MSSU board OKs offering in-state tuition over wide geographic area

JOPLIN, Mo. — Under a new program approved Friday by the Missouri Southern State University Board of Governors, out-of-state students over a large region will be able to attend the university at the same cost as Missouri students.

What is called the Lion Pride Tuition plan offers the in-state rate of $169.48 per credit hour to students from as far west as Wichita, Kan., as far south as Fort Smith, Ark., and also extending deep into Oklahoma and even into Illinois.

The program will be available to students enrolling for the fall semester.

While other universities have similar programs, the area encompassed by the MSSU program appears to be much larger. Darren Fullerton, MSSU vice president for student affairs, said the university targeted the area for good reason.

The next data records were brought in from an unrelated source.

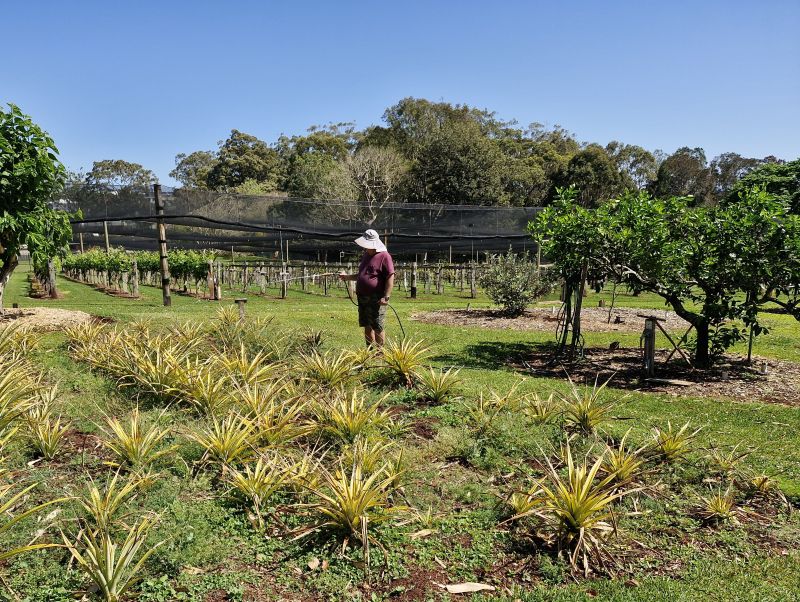 Watering the pineapple patch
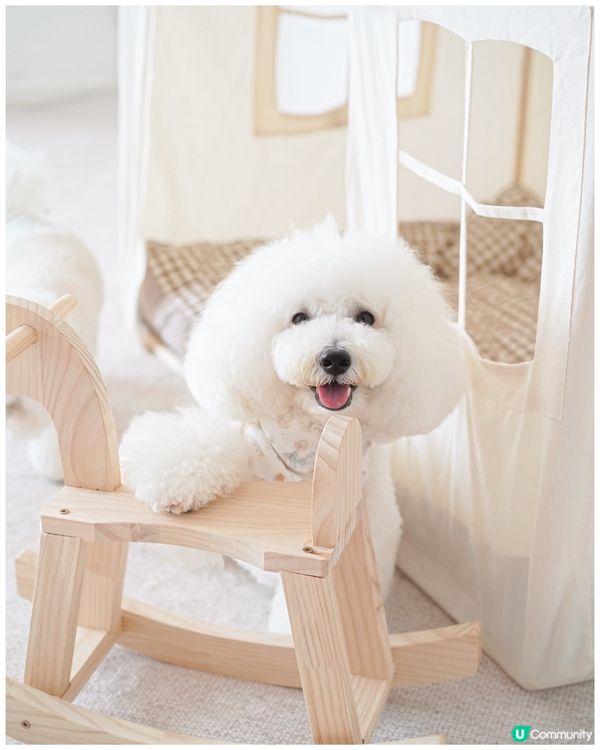 絕美花藝打咭靚景 聯乘高質手工甜品限定店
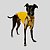 CAMISETA DE GALGO ITALIANO UV ANIMAL - Imagem 6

“We looked at where our students come from,” he said after the board meeting. That included reciprocal agreements with schools in Illinois.

Until now, MSSU has offered scholarships to out-of-state students in bordering counties to afford them in-state tuition, but Fullerton said it has had limited success. He said it is a complicated procedure and many students weren’t able to retain the scholarships.

Fullerton said MSSU is a border school, but it’s also in the hub of the regional economy.

He said competing for tuition revenue was important when state financial support for universities is decreasing, but he also downplayed that aspect.

“It’s an investment in those students,” Fullerton said.

In a news release announcing the program, MSSU President Bruce Speck said the university’s strong programs and faculty will allow it to become a destination for out-of-state students.

“MSSU has always been committed to being accessible and affordable,” he said. “To make college more attainable is the right thing for us to do for our students.”

Pittsburg (Kan.) State University has its Gorilla Advantage program. It encompasses 14 neighboring counties in Missouri, eight neighboring counties in Oklahoma and beginning in the fall semester, Benton and Washington counties in Arkansas. The university has proposed to the Kansas Board of Regents to add Platt and Clay counties in the Kansas City, Mo., area.

PSU also is seeking approval to offer tuition at 150 percent of in-state rates to qualified students throughout Missouri, Oklahoma, Arkansas and Texas, outside the Gorilla Advantage area.

Bill Ivy, associate vice president for enrollment management, said 17 percent of the total student population is through Gorilla Advantage.

 Enrollment through the program has increased by 36 percent, from 1,080 in fall 2005 to 1,469 in fall 2011. The number of students enrolling from Southeast Kansas has decreased, while there also has been a nearly 6 percent increase during the same period from the rest of Kansas.

The program is important to the university’s finances, but also important to the local economy, said PSU spokesman Ron Womble.

“Recent studies have shown that every student who attends PSU contributes more than $10,300 to the local economy annually,” Womble said.

The University of Missouri-Kansas City has offered in-state tuition rates since 2000 to Kansas students in Johnson, Leavenworth, Miami and Wyandotte counties. Atchison, Douglas, Franklin, Jackson, Jefferson, Osage and Shawnee counties were added to the program in 2010, resulting in a big boost in enrollment, said UMKC spokesman John Martellaro.

The MSSU board on Friday also approved a $72.4 million balanced budget for the 2012-13 school year. It includes no across-the-board pay raises, but board Chairwoman Sherry Buchanan and Speck said that would be the top priority if additional money approved by the Legislature is approved by Gov. Jay Nixon.

“I understand that the board’s top priority in terms of personnel is an across-the-board raise, and I will keep my fingers crossed that a change in state appropriations will allow us to do just that,” Speck said.

Resignation

The Missouri Southern State University Board of Governors accepted the resignation of A.J. Anglin, vice president for academic affairs. He is taking a teaching position at the university.